Daily Investment Interpretations
September 30, 2011
The markets tumbled today: Drawn and third quartered
Alone among the indices, the NASDAQ Composite retreated 65.36 points (-2.63%) to close at 2,415.40. The Dow fell 240.6 points (-2.16%) to close at 10,913.38; the S&P 500 parted with 28.98 points (-2.5%) to settle at 1,131.42. Oil backed off to 78.75: Oil slides 11% in month on growth worries; gold rose slightly to 1,627: Gold rises as recent lower prices entice buyers.
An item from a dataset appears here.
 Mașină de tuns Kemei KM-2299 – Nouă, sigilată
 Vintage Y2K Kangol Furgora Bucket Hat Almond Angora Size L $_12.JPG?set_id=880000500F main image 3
The VIX hopped up 4.12 points to 42.96.
There was good news today: Some Good News: Chicago PMI Above Expectations, More Good News - University of Michigan Sentiment Above Expectations.
And there was one piece of very bad news that more-or-less trumps the rest: Economic Cycle Research Institute: United States Is Headed Into Recession. The ECRI has a sterling record when it comes to identifying recessions and their recoveries. In this article, Curt Bergquist ponders some impact a U. S. recession would have on the rest of the world, given the role the U. S. and other Western nations play as purchasers of third-world products.
Today's technical analysis is: Technical Talk: Slightly Lower, But Still Range-Bound
Relevant to this are two articles: HSBC's China Purchasing Managers Index Under 50 For Third Straight Month and People's Bank of China Says Inflation Still Priority.
Two other State of the Markets articles are: Germany Unlikely to Approve Leveraging of EFSF and Personal Income and Consumption Report Mixed.
On Marketwatch, Howard Gold writes: Markets deep in bear territory and Minyanville offers Grin and bear it: Don't buy just yet.
SmartMoney offers 4 scenarios for a year-end rally.
Abandon gold, right? Wrong
I think the key take-away message tonight is that the ECRI is forecasting recession. And certainly, this market has been volatile enough and treacherous enough.